How can I calculate the percentile rank for each column record?
I have a dataset which contains user IDs and their scores in some test. I want to have the percentile rank for each user. For example user 1 is better than 32% of all users and so on.
I didn't find any node to do that for me. How can I do that in KNIME?
I did also think about using rank node but there is a problem with this approach too.
One simple formula for percentile rank is "PRx= 100 (C(i-1) / (N-1))" (which is used in excel) where "C(i-1)" is the number of values blow the interest value and "N" is the total number of the values.
Another formula is "PRx= 100 ((C(i-1) + 0.5 Ci) / N)" where "C(i-1)" is the number of values blow the interest value, "Ci" is the number of values equal to the interest value and "N" is the total number of values. In this formula "PR" is the percent of values equal or lower than the interest value in contrast to the first formula that "PR" is the percent of values just lower than the interest value.
In rank node I cannot have the same "i" for equal values and count all "i-1" values at the same time. It means if I set the ranking mode to "Standard", for same values I will have different PR and if I set the mode to "Dense", I'll miss counting equal values.
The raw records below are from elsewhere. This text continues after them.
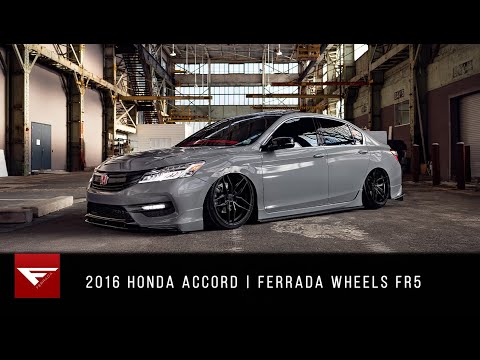 2016 Honda Accord | The Philly Accord | Ferrada Wheels FR5
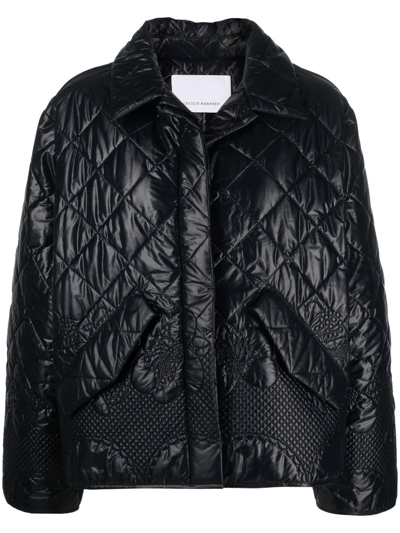 Cecilie Bahnsen Fuji Padded Jacket In Black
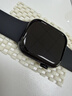 Apple/苹果 Watch S11 智能手表GPS款42毫米亮黑色铝金属表壳黑色运动型表带M/L MEUA4CH/B 实拍图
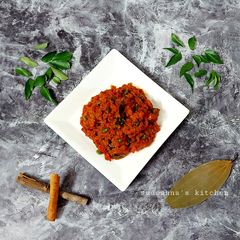 A picture of Bombil Masala.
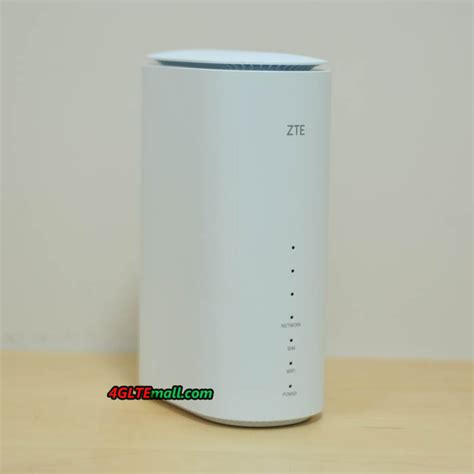 How to connect the cpe 1>prepare a nano sim card & insert sim card in to the device 2>after connecting the power adapter, the device will automatically start and connect to the internet. ZTE MC801 MC801A 5G Indoor Router Specs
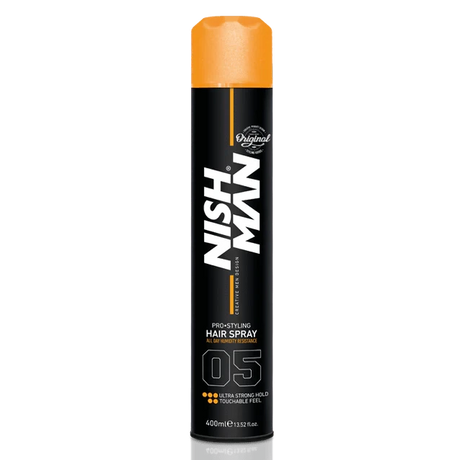 Nishman Hair spray ultra strong hold - Gökhies&Havies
The ideal solution is that KNIME adds this feature (Percentile Rank) as a part of Rank node (plus some improvements to the node), but the best solution for now I think is that I output my data as an Excel file and do the ranking in Excel (using PERCENTRANK.INC function) and then read the file again in KNIME.
I have added your feature-request. Thank you very much for the suggestion!
However, I don't understand why you have to use the PERCENTRANK.INC function in Excel. Attached you will find a workflow that does the exact same thing with the Rank node and a Math Formula, or did I miss something completely? (PERCENTRANK.INC value is included in the data as reference).